3. Increase the caloric density of the diet.
Increasing the energy level in the diet fed to pigs marketed during the summer months provides two benefits. First, it increases the amount of energy consumed with each mouthful of feed and, thus, the daily energy intake. Second, higher energy diets have a lower heat increment, which means that there is less heat produced in digesting the feed. Lower heat production means the pig has less heat to dissipate. Thus, pigs can more easily maintain their core body temperature, they feel more comfortable and they increase their energy intake.
The two main ways to decrease the heat increment of the diet is to add fat and decrease fiber levels. Economic evaluation of high-fiber ingredients should receive extra scrutiny during summer months due to their negative impact on energy intake under heat stress.
Nutritionists have long known that adding fat to the diet increases growth rate in the summer. Unfortunately, in recent years, low-cost fat sources, such as choice white grease or tallow, are often used for biodiesel production during the summer, which makes the use of fat less economically competitive exactly when it is needed most. Producers should work with their nutritionist to evaluate the economics of added dietary fat. A simple fat economic calculator can be found at www.KSUswine.org.
Whenever the dietary energy level is increased, the levels of other nutrients, such as amino acids and phosphorus, also should be reviewed and increased as necessary.

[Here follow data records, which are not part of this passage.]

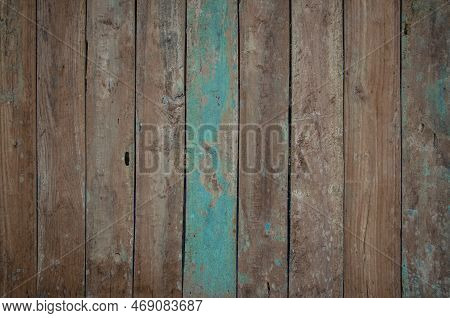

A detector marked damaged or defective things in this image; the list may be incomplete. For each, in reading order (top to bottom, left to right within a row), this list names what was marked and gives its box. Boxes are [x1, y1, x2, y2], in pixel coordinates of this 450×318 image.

peeling turquoise paint [184, 0, 239, 298]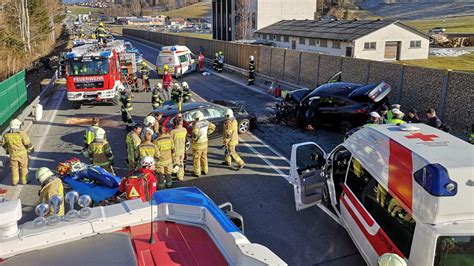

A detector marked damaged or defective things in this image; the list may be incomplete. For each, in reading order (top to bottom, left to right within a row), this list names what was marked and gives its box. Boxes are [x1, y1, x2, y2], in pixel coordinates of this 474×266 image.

shattered windshield [66, 58, 109, 75]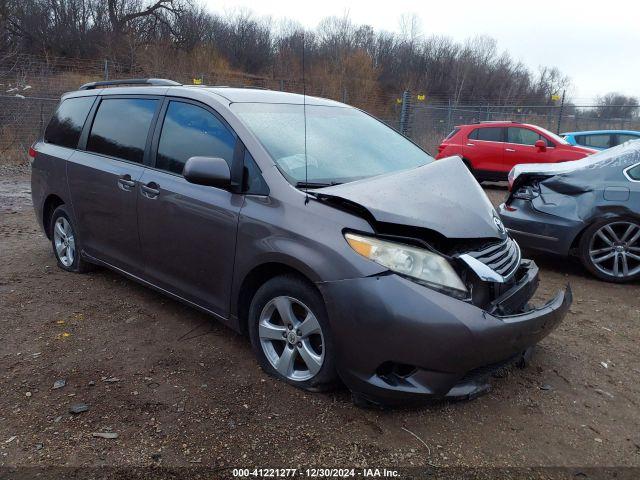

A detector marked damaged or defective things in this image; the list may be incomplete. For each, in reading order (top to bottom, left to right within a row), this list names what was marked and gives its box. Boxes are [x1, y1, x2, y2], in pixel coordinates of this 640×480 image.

damaged toyota sienna [31, 79, 568, 404]
broken headlight [348, 233, 468, 296]
crumpled front bumper [318, 260, 572, 406]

4. Decrease crude protein (increased crystalline amino acids).
High crude protein levels in the diet cause two main problems for the pig. First, excess amino acids must be broken down and removed from the body. Second, high crude protein content normally lowers the net energy level in a diet. Therefore, replacing crude protein with crystalline amino acids that are economical (e.g., lysine, threonine, methionine) can increase the net energy content of the diet and increase energy consumption. As L-tryptophan becomes more routinely economically viable, the crude protein level of the diet can be lowered further. The benefit of low crude protein diets can be maximized during the hot summer months.
5. Feed pelleted diets.
When high-quality pellets (less than 25% fines) are fed to finishing pigs, growth rate can be increased by 4 to 5%. Because of the higher value of growth rate for pigs marketed during summer months, it is the optimum time to capture the value of pelleted diets.

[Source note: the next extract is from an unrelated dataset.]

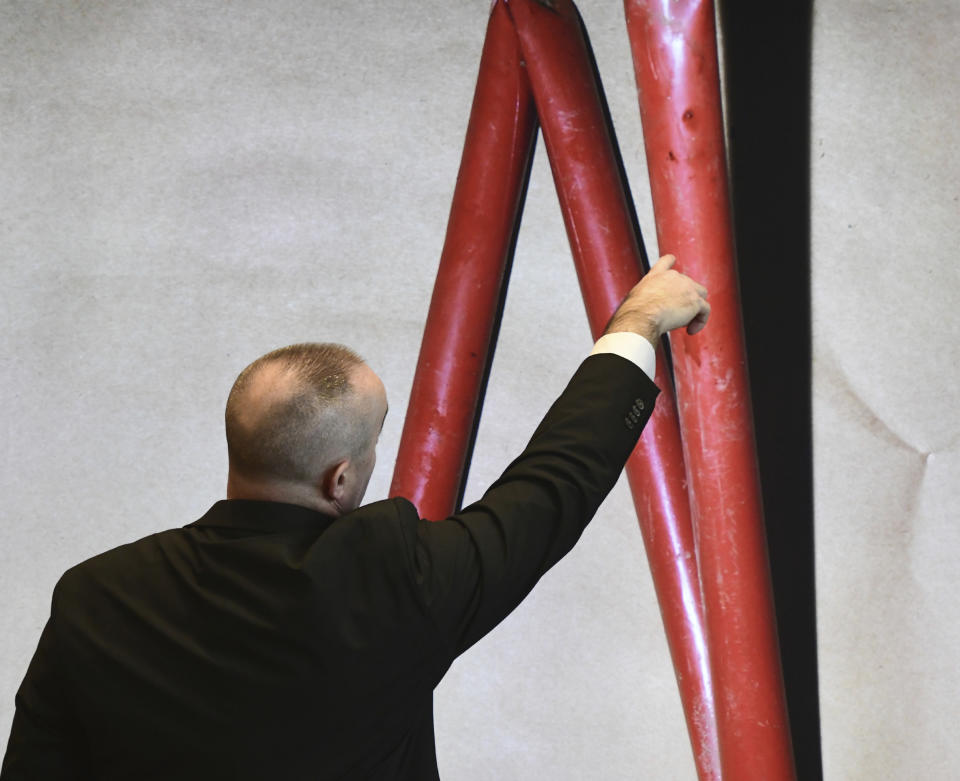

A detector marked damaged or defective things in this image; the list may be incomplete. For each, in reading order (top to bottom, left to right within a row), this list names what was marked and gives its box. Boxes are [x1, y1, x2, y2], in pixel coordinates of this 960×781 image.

bent red pole [390, 4, 540, 524]
bent red pole [510, 3, 720, 776]
bent red pole [624, 3, 796, 776]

Feeding pelleted diets also increases eating speed, so pigs can achieve their desired feed intake in a shorter period of time. This is especially important when feeder access is limited.
6. Consider liquid feeding.
Although liquid feeding is not widely used in the United States, providing feed in a liquid form helps pigs maintain consumption during heat stress. Therefore, the greatest benefit of liquid feeding systems is captured during the summer months.
7. Try feed additives.
Any feed additive that increases growth rate is more valuable during the summer months than other times of the year. For example, feeding Paylean (Elanco Animal Health) during the last three to four weeks before market increases market weight by more than 6 lb./pig. When documented to improve growth rate, other feed additives, such as growth- promoting levels of copper or antibiotics, also provide their greatest economic benefit in the summer.
8. Add days on feed.
If all of the management technologies are already in use before summer arrives, few adjustments are available to further improve nutrient intake and growth performance. In these cases, increasing days on feed is the only way that market weights can be maintained during the summer. Days on feed can be increased by adjusting marketing schedules, but pig flow and barn turnover rates must also be considered. Unless additional finishing space is available, average market weights are still likely to decline.
On average, pigs need an additional seven to 10 days on feed in August to reach the same market weight as those marketed in May.